# Compactness in a Nutshell

Compactness is an important topological property – A property that when seen in a certain perspective can make an infinite string become a ring, that you will give it to your girlfriend while proposing her for marriage. Therefore, compactness really intrigues me.

Let’s make our way to mathematics, without further adieu.

A space A is called ** Compact** under an ambient space X if any open cover of A has a finite subcover.

**Theorem 1**: A closed set of a compact set is compact.

**Theorem 2**: The continuous image of a compact space is compact.

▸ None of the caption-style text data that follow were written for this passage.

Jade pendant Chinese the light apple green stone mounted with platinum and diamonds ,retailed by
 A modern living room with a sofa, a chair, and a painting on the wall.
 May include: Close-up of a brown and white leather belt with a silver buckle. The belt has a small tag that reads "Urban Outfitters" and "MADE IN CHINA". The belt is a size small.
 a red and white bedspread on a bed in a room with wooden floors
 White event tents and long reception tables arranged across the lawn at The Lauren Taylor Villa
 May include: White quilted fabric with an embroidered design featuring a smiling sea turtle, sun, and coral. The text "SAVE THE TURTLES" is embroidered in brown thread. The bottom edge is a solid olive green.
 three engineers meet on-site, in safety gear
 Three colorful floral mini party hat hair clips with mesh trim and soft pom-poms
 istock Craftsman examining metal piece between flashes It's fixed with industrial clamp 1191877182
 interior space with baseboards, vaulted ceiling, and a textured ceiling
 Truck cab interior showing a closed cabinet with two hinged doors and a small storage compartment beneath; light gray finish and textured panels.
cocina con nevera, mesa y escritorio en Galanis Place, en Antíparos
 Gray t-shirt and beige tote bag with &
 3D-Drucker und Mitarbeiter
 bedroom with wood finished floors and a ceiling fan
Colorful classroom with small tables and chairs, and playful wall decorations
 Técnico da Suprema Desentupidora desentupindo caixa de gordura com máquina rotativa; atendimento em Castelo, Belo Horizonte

**Theorem 3**: A compact subset of a Hausdorff Space ( eg: Metric Space ) is closed.

**Theorem 4**: A bijective continuous map from a compact space X to a Hausdorff space Y is a homeomorphism.

**Theorem 5 ( Heine Borel Theorem )**: X \(\in R^{n}\) is compact <=> X is closed and bounded.

**Theorem 6**: X is compact <=> X is complete and totally bounded.

**Theorem 7**: A continuous real-valued function defined on a compact space is bounded and attains its bounded. (Theorem 2 + Theorem 5)

A space X is called ** Sequentially Compact** (

**SC**) if every sequence in X has a convergent subsequence.

A space X is called ** Totally Bounded (TB)** if, for every \(\epsilon > 0 \), there are finite open balls of radius \(\epsilon\), that cover X.

A Space X satisfies ** Bolzano Weierstrass Property (BWP)** if every infinite subset of X has a limit point in X.

A Space X is called **Separable** if X has a countable dense subset.

A Space X is called ** Complete** if every Cauchy sequence in X has a limit point in X.

**Super Theorem 8:**

**Theorem 9**: X is Sequentially Compact *Metric Space* <=> X is a Compact *Metric Space*.

**Theorem 10**: For a Sequentially Compact Space, Lesbegue Covering Lemma holds.

#### Topological Algebraic Properties of Compact Sets

**Theorem 1**: A is compact, B is compact, then \( A \cup B \) is compact.

**Theorem 2**: A is compact, B is closed then \( A \cap B \) is compact.

**Note**: In general, A is compact, B is compact, then \( A \cap B \) is not compact. But for metric spaces, this is true due to **Theorem 3.**

**Counterexample 1:** A is compact, B is compact, then \( A \cap B \) may not compact.

X = **N**∪{−∞,∞}. A=**N**∪{∞}; B=**N**∪{−∞}. A∩B=**N** has the discrete topology and is not compact.

**Counterexample 2**: In X, A is compact, then \( \overline{X} \) may not be compact.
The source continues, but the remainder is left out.